Franz Richter und seine Familie fanden nach dem Krieg und ihrer Vertreibung aus dem Sudetenland zunächst in Eisenach eine neue Heimat. Nach einiger Zeit aber zog es die Familie weiter nach Wiesbaden. Als gelernter Gärtner eröffnete Franz Richter zusammen mit einem Freund einen Gemüsegroßhandel, in dem auch seine Mutter und seine Frau mitarbeiteten.

Dieser Freund war Anfang der 1950er Jahre in den Westen geflüchtet. Seine Frau war in der DDR geblieben, sollte aber später nachkommen. Ein Grenzübertritt zurück in die DDR, um seine Frau zu holen, war riskant. „Republikflüchtlingen“ drohte in der Regel die Inhaftierung. Um dem Freund dies zu ersparen, bot Franz Richter als Bundesbürger seine Hilfe an. So fuhren die beiden Freunde am 25. Mai 1953 nach Herleshausen zur Grenze. Der Ort liegt gegenüber von Lauchröden in Thüringen.

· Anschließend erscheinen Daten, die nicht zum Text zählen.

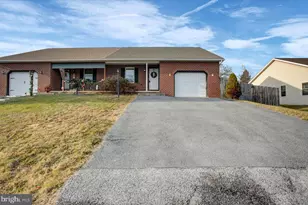 18 Larch Dr, Shippensburg, PA 17257 - Photo 2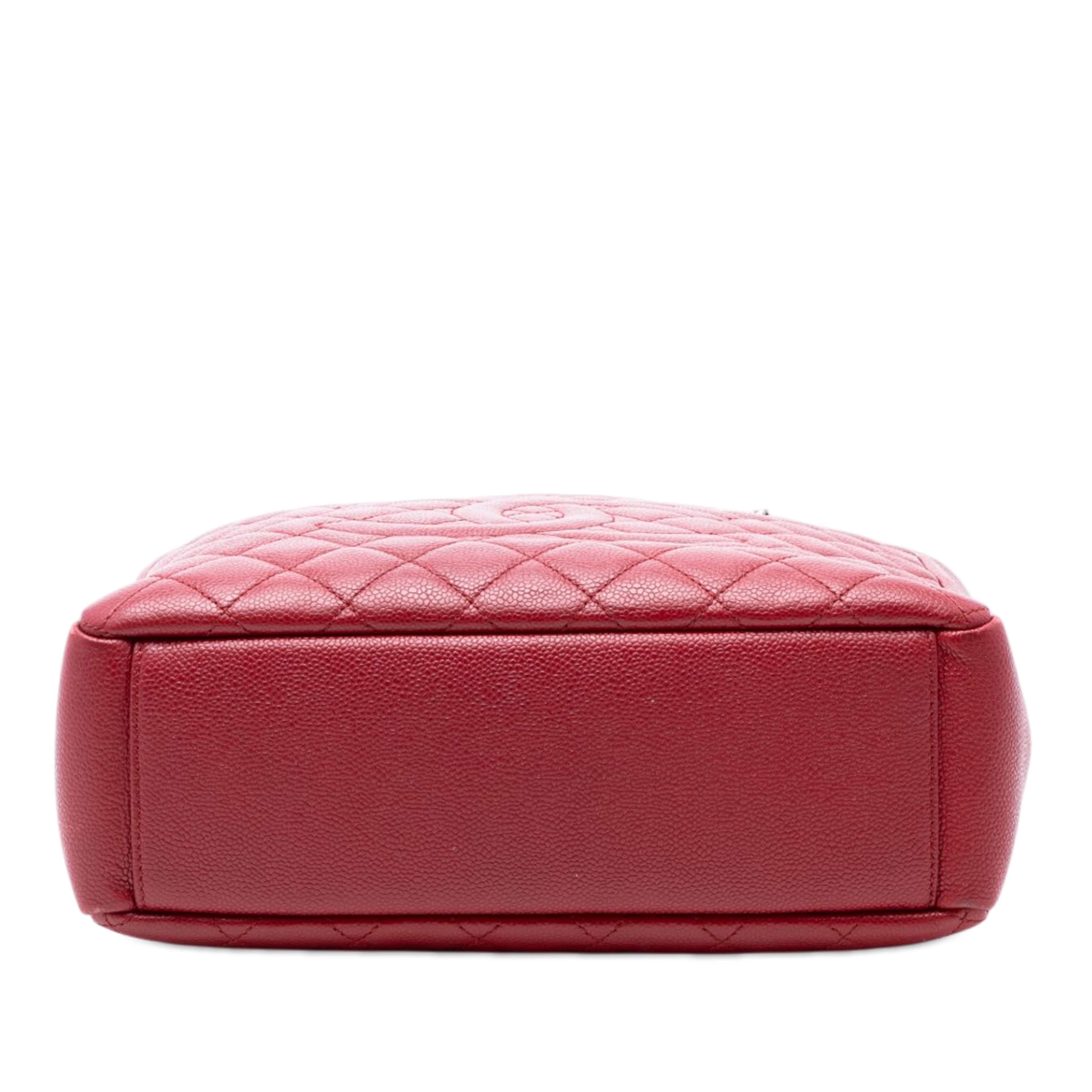 Chanel Caviar Vertical Grand Shopping Tote, från Luxclusif, i färgen röd. Klicka för att öppna bilden i stort format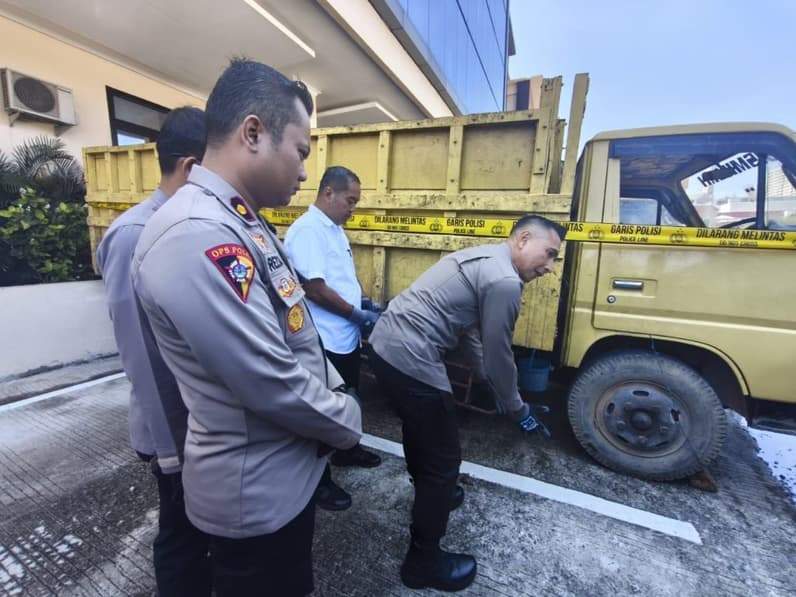 Kapolresta Balikpapan, Kombes Pol Jerrold Hendra Yosef Kumontoy memperlihatkan barang bukti yang ditahan di Mapolresta Balikpapan, Rabu (13/5/2026). (Foto: Achmad Fadillah/Pusaranmedia.com)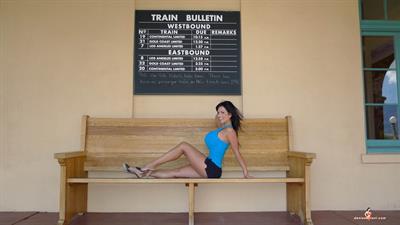 Denise Milani Snapshots - 01_Kelso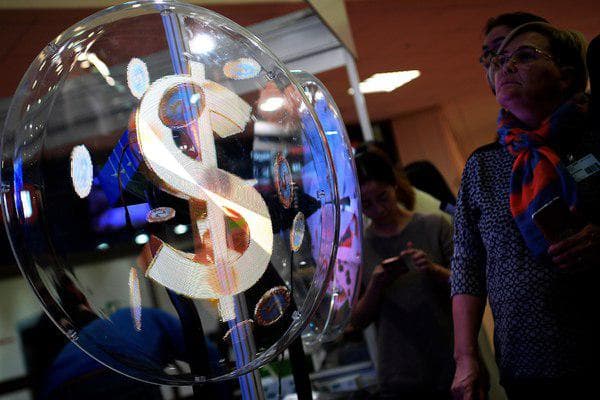 Jahon iqtisodiyotida dollar davri tugashi aytildi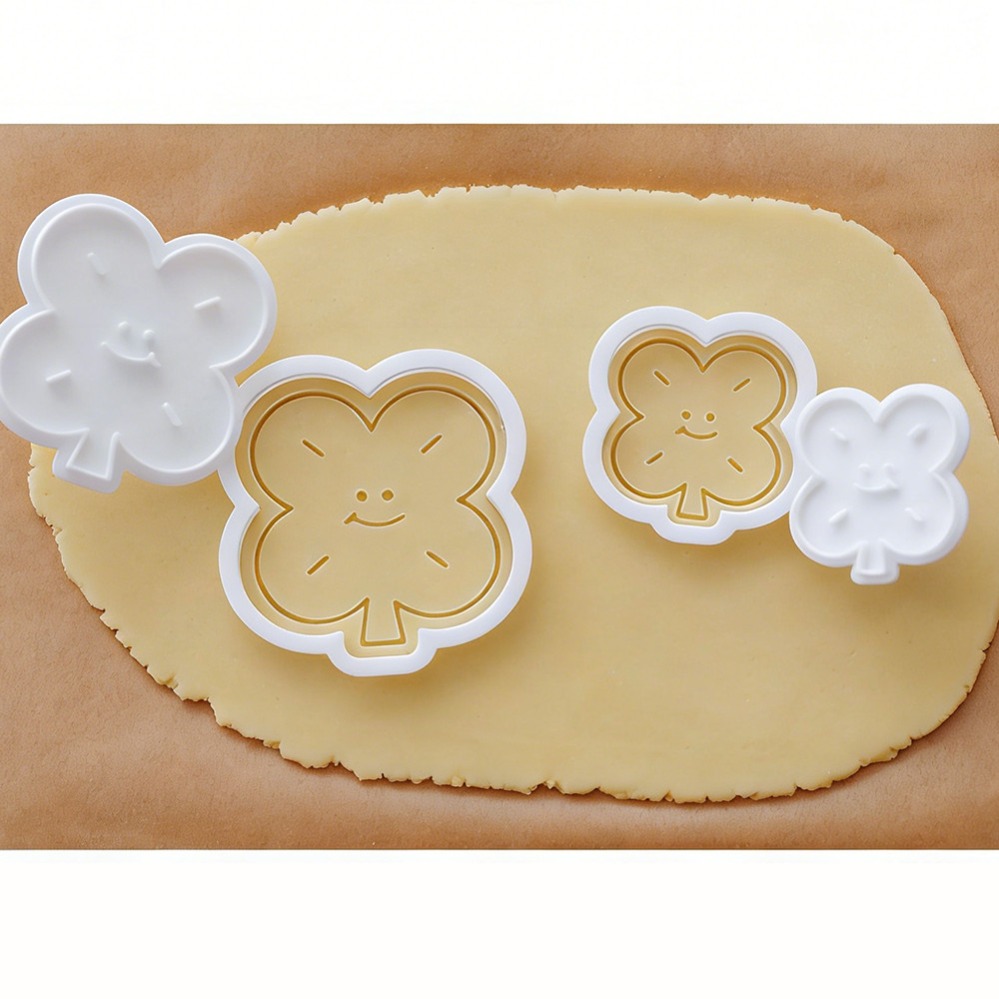 Lucky Four-Leaf Clover Cookie  - đánh giá và giá Kitchen Baking Supplies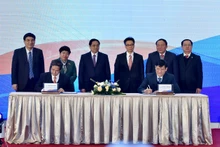 Thủ tướng Phạm Minh Chính chứng kiến Lễ ký kết Chương trình phối hợp về công tác y tế trường học và chăm sóc sức khỏe trẻ em, học sinh, sinh viên giai đoạn 2022-2026 giữa Bộ Giáo dục và Đào tạo, Bộ Y tế. (Ảnh: TRẦN HẢI)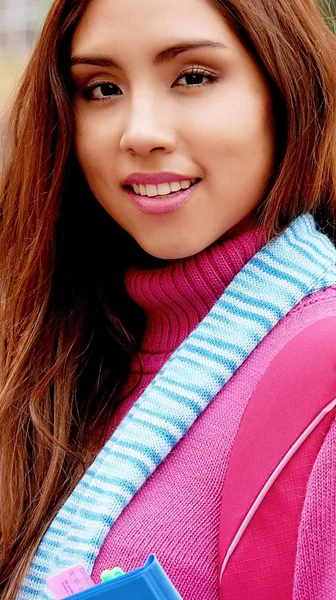 Üniversite öğrencisi gülümseyen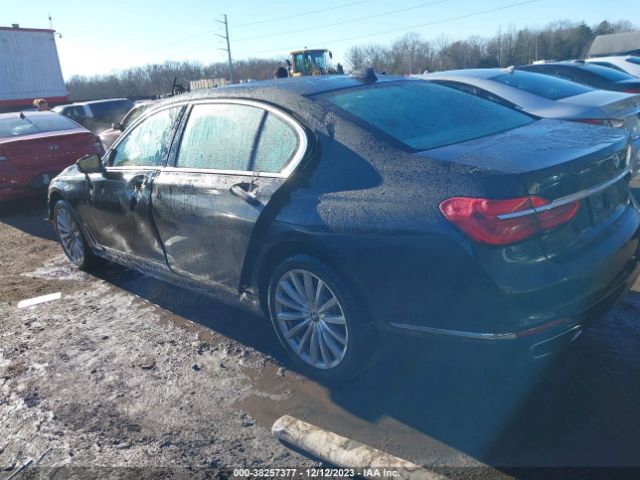 Photo 2 VIN: WBA7E2C56GG547601 - BMW 740I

Am Nachmittag schwamm Franz Richter durch die Werra, um sich in der DDR mit der Frau seines Freundes zu treffen und ihre baldige Flucht zu besprechen. Die beiden Freunde hatten einen Fluchtweg über West-Berlin vorgesehen und die dafür nötigen finanziellen Mittel besorgt.

Nach dem Gespräch mit der Frau seines Freundes begab sich Franz Richter auf den Rückweg in die Bundesrepublik. Als er bereits in der Werra in Richtung Westufer schwamm, entdeckte ihn eine sowjetische Grenzstreife und eröffnete das Feuer. Vielleicht waren ihm die Soldaten, als er ins Wasser stieg, aufgrund seiner Kurzsichtigkeit entgangen. Eine Schulfreundin erinnerte sich an „Franzl“, der sehr kurzsichtig gewesen sei und deshalb starke Brillengläser tragen musste.

Nach den Schüssen trieb der tödlich Getroffene ans westdeutsche Ufer. Da er keine Papiere bei sich trug, hielt man ihn für einen Flüchtling und übergab die Leiche den DDR-Behörden. Nachdem seine Mutter von dem Unglück erfahren und auf die Rückführung des Leichnams bestanden hatte, wurde ihr eine Urne zugeschickt mit dem Vermerk, dass die unbekannte Person nicht identifiziert werden konnte und einem Herzschlag erlegen sei. Dem damals geheim gehaltenen Sektionsbericht des Instituts für gerichtliche Medizin Jena ist jedoch die tatsächliche Todesursache zu entnehmen. Franz Richter wurde durch einen Schuss in den Rücken getroffen, der einen Halswirbelbruch verursachte. Seine Leiche wurde am 30. Mai 1953 in Eisenach eingeäschert und am 6. August 1953 in Wiesbaden auf dem Südfriedhof beigesetzt. Seine Mutter, seine Ehefrau, seine beiden Kinder und zahlreiche Freunde gaben ihm dort das letzte Geleit.

Die in den 1990er Jahren geführten Ermittlungen wurden eingestellt, da der Name des sowjetischen Soldaten, der Franz Richter erschossen hat, nicht ermittelt werden konnte. Zudem unterlag der Schütze nicht der deutschen Gerichtsbarkeit – weder zum Zeitpunkt des Geschehens noch zur Zeit der Ermittlungen.